Saturday, May 15, 2010

"The Usual Suspects" and Postmodernism

The Usual Suspects presents a perfect example of Postmodernism. There is not an easy conclusion. While, the audience and the detective finally figure out who the worst of the bad guys is, there are several other unscrupulous characters in the movie.

The movie begins with a group of thieves planning a heist. When they are caught by the police, flashbacks show different lewd actions by all of the characters. The one telling the story presents himself as a cripple, who is not the brightest bulb in the bunch. Therefore, the detective does not see him as a threat. He figures that the cripple man will squeal on the rest of the bunch.

Modernism might present a resolution, or insight, into the minds of these characters, and find something good in them to forgive. However, the brilliance of this movie lies in the fact that it does not. Jeff Jenson points out that the writer of the movie, "McQuarrie was dead set on painting his bad guys irredeemably bad. Hence, "no criminals with easily explained motivations, no commercially mandated redemption, and no camera tricks, either" (Jensen 50)

This description of Christopher McQuarrie's script speaks to the meaning of Postmodernism. In the same article for Rolling Stone Magazine, Jenson quotes McQuarrie as saying, "'I just didn't want to make a movie about those same friggin characters in the same f---cking way,'" (Jenson 50). By choosing to go outside the cookie-cutter ending and presenting these complicated, albeit doomed characters, with a more realistic view of the conscience of the criminal make the movie much more memorable.

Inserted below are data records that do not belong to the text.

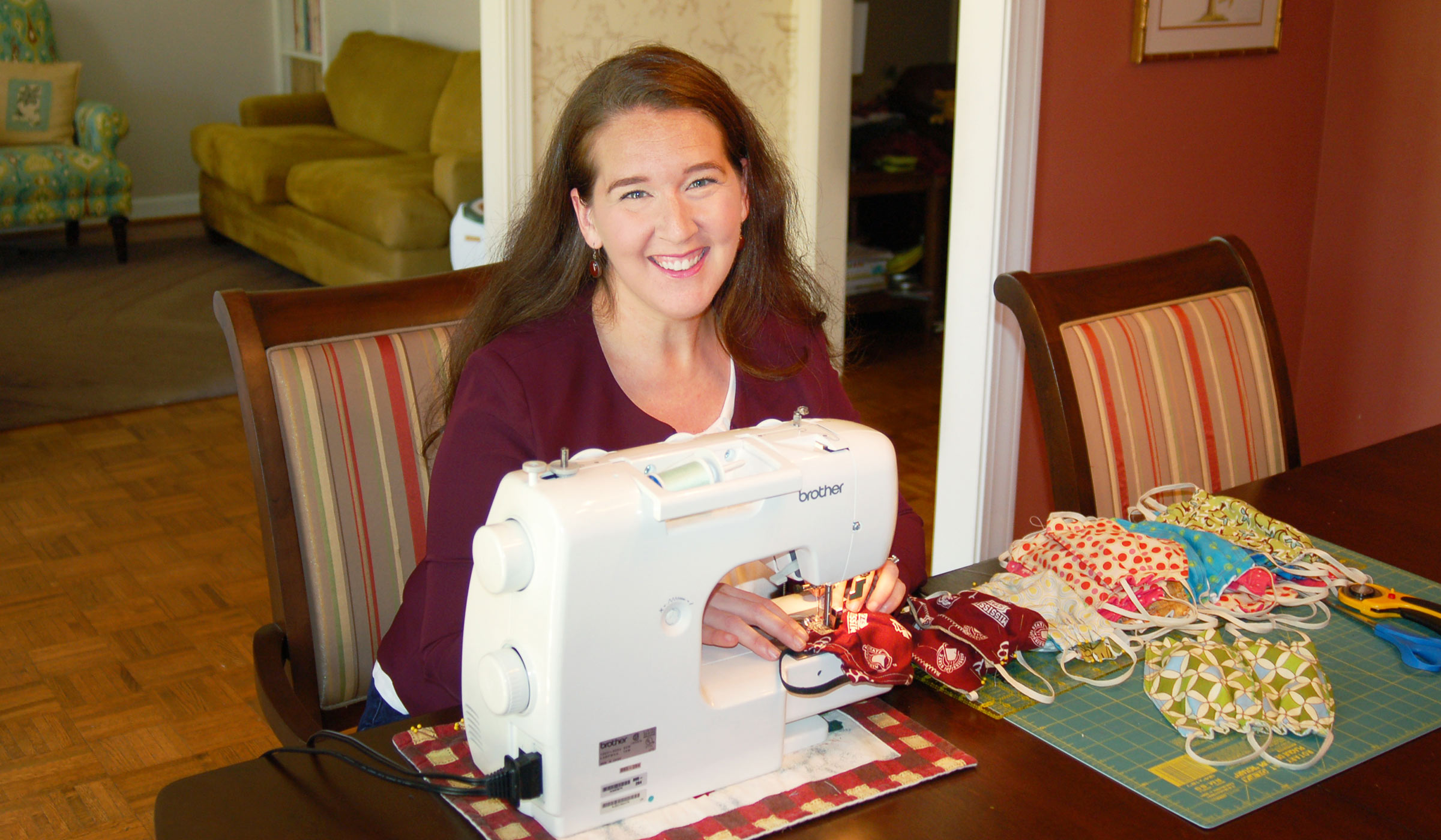 Emily Marett, pictured sewing masks in her home.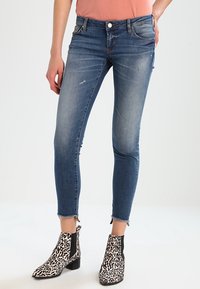 Jeans de denim azul ajustados con detalles desgastados, una cintura a media altura y dobladillos deshilachados, combinados con botas de tobillo de estampado de leopardo en blanco y negro.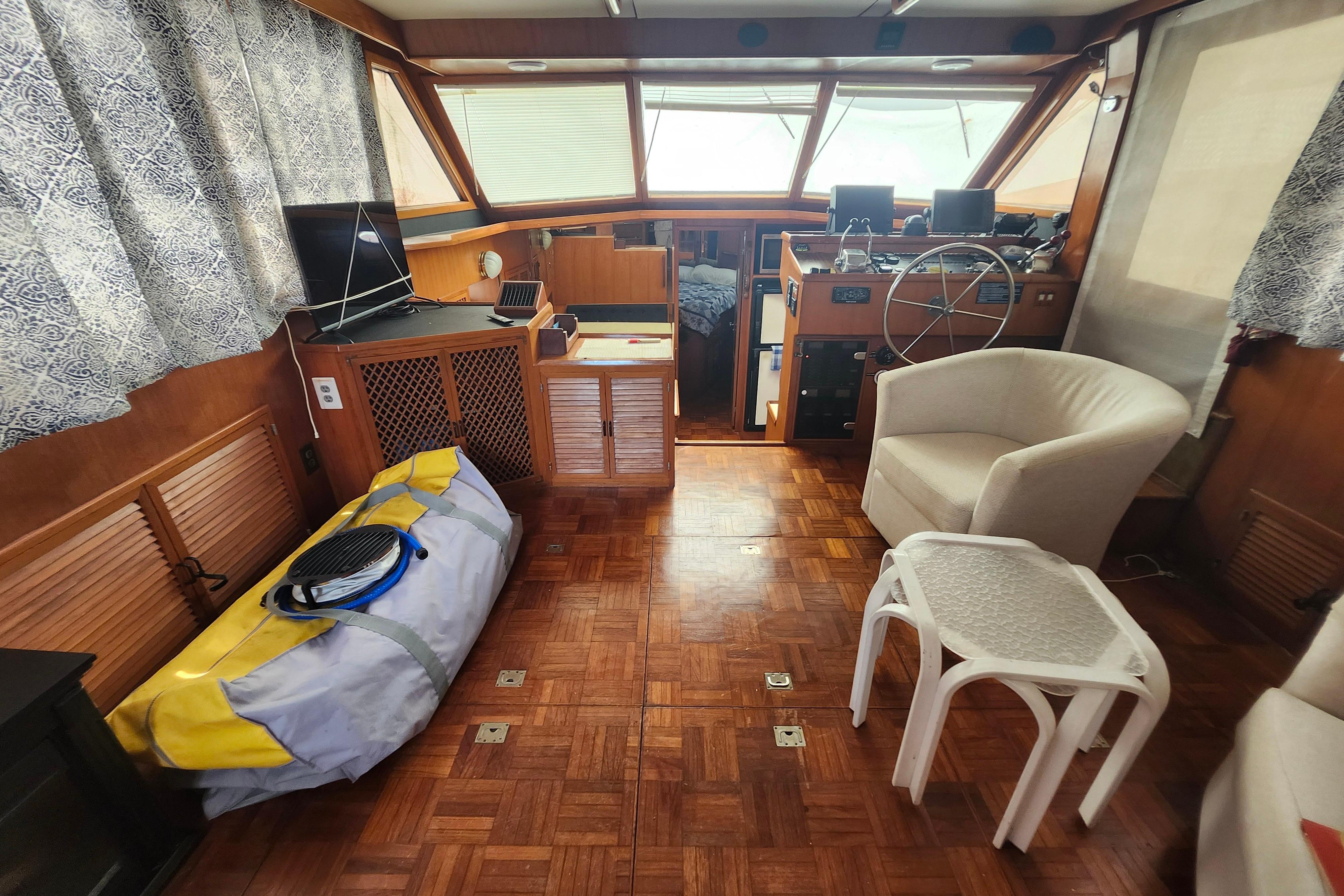 Interior of 1988 Marine Trader 43 yacht with helm, seating, and nautical equipment.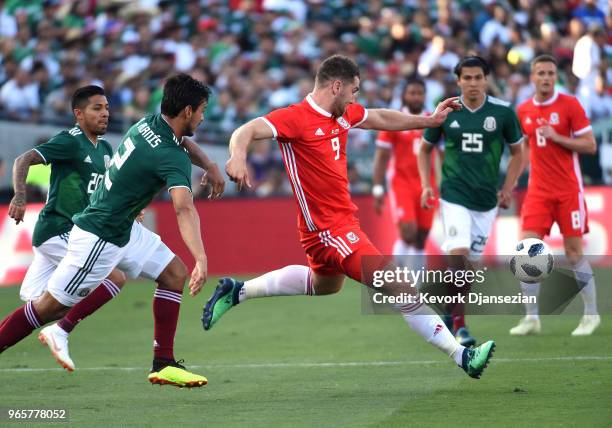 Sam Vokes of Wales in action against Mexico during the first half of their friendly international soccer match at the Rose Bowl on May 28, 2018 in...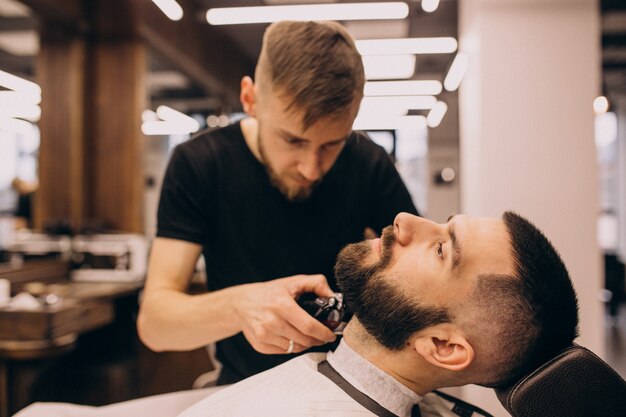 Uomo in un salone di barbiere facendo taglio di capelli e taglio della barba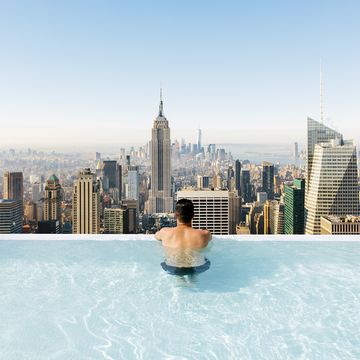 Young man relaxing in a swimming pool with view towards New York City skyline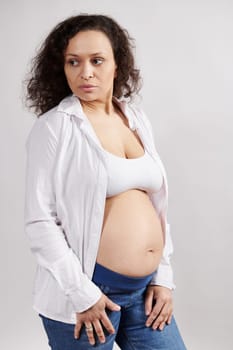 Vertical studio portrait of curly haired multi ethnic confident serene pregnant woman, wearing unbuttoned white shirt and blue denim, looking aside on isolated white background. Pregnancy. Maternity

McQuarrie sought to go an the opposite direction of predictability. Postmodernism also wishes to look beyond the obvious for problem solving in a text or film. Everything is not always so clear cut, in fact, most problems are not. In film, text, and music (although not as much in lyrics) writers lean toward resolution.
However, as Aaron Schutz says, "Postmodern writing generally seeks to complicate the ideas of simple unities and identities" (Schutz 218).

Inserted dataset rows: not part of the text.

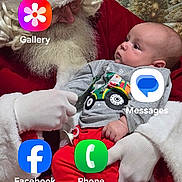 Legend is registered to the contest to win money with this photo: app_icons, baby, background_backdrop, beard, child, christmas, costume, festive, gloves, holiday, indoor, infant, looking_up, pacifier, phone_screenshot, portrait, red_clothing, santa_claus, sitting, white_fur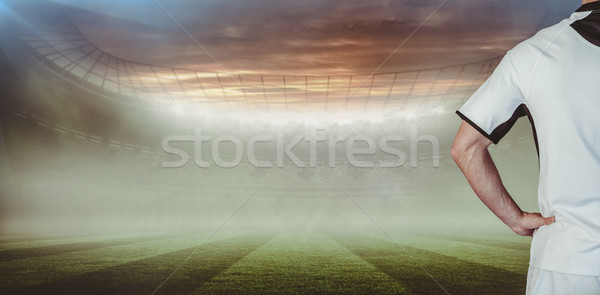 Composite image of rear view of rugby player with hands on waist Stock photo © wavebreak_media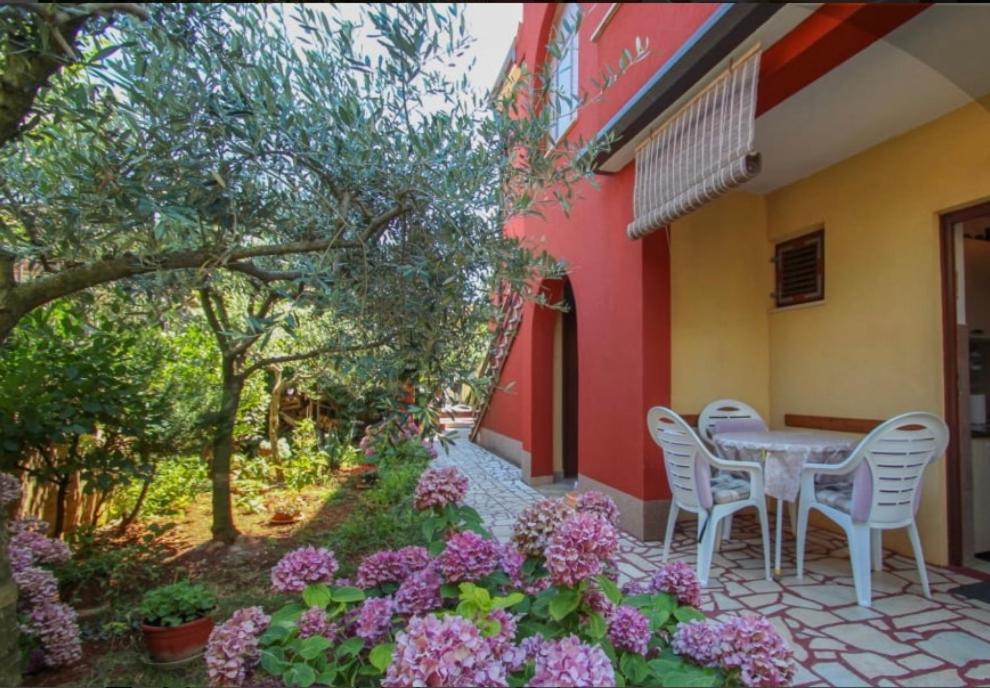 eine Terrasse mit einem Tisch, Stühlen und Blumen in der Unterkunft Valentina in Novigrad Istria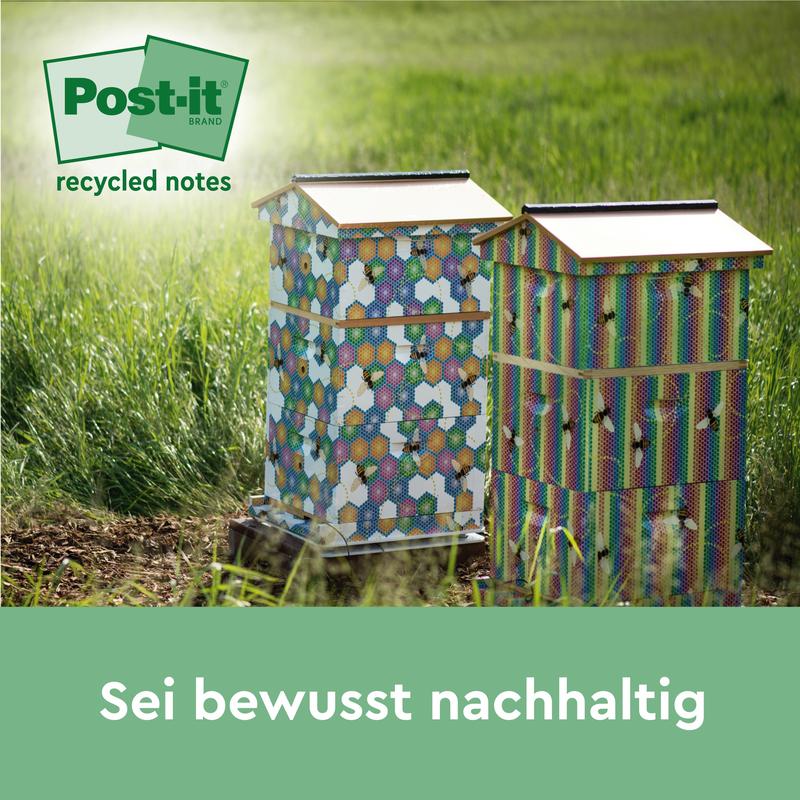 Deux ruches vives se tiennent sur une prairie, à côté des notes de recyclage Post-it®, 76 mm x 127 mm, 100 feuilles/bloc, 100% PEFC de 3M Deutschland GmbH. Une légende indique : "Soyez consciemment durable".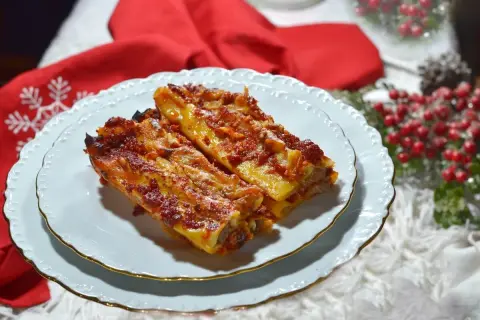 Due cannelloni di carne fumanti, ricoperti di sugo rosso e formaggio fuso, serviti su un piatto bianco con decorazioni natalizie sullo sfondo.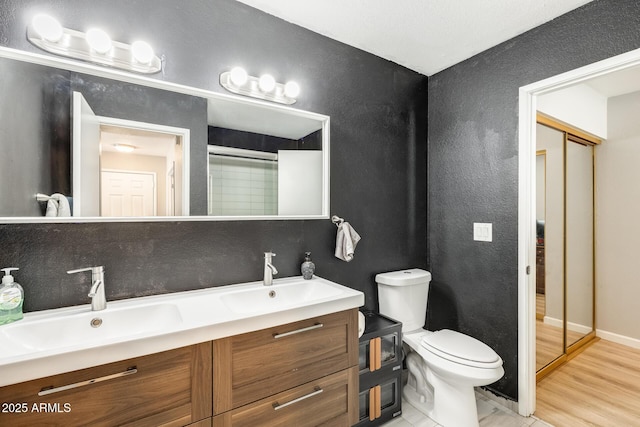 bathroom featuring double vanity, toilet, a sink, and wood finished floors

Many critics do not like this form of text because it makes no sense to them. But, does every problem, every mystery, have a solution? The challenge is to explore what might come after the ending of the story. This leaves one's imagination to go in any direction it wishes to go. There is freedom in this concept. One's logic does not have to end when the credits role.

The end of "The Usual Suspects" provides the audience to do just this. As the cripple finishes telling his story of pure fiction (or is it?) he leaves the precinct. When the detective figures out he is in fact Kaiser Soso, the villain of all villains, this is classic cinema. Schutz decribes this type of postmodernism as, "Stragegies [that are] thoroughly situated and contextualized; they are employed for particular purposes in particular contexts at particular times" (Shutz 218).

It all comes together for the detective and the audience when the cripple, as he exits the precinct, begins to walk perfectly, and lights a cigarette. The detective pieces all of the colorful stories he was told by him. Just as he was stunned, and dropped his coffee on the floor, so too was the audience. I would say this is Postmodernism at its very finest.



Works Cited

Jensen, Jeff. "The Trigger Movie; Christopher McQuarrie, Writer of 'The Usual Suspect," Goes 'The Way of the Gun." Rolling Stone. (Sept.22, 2000) pg. 50.

Schutz, Aaron. "Teaching Freedom? Postmodernism Perspectives." Review of Educational Research. V70, No.2 (Summer 2010). pg. 215-251.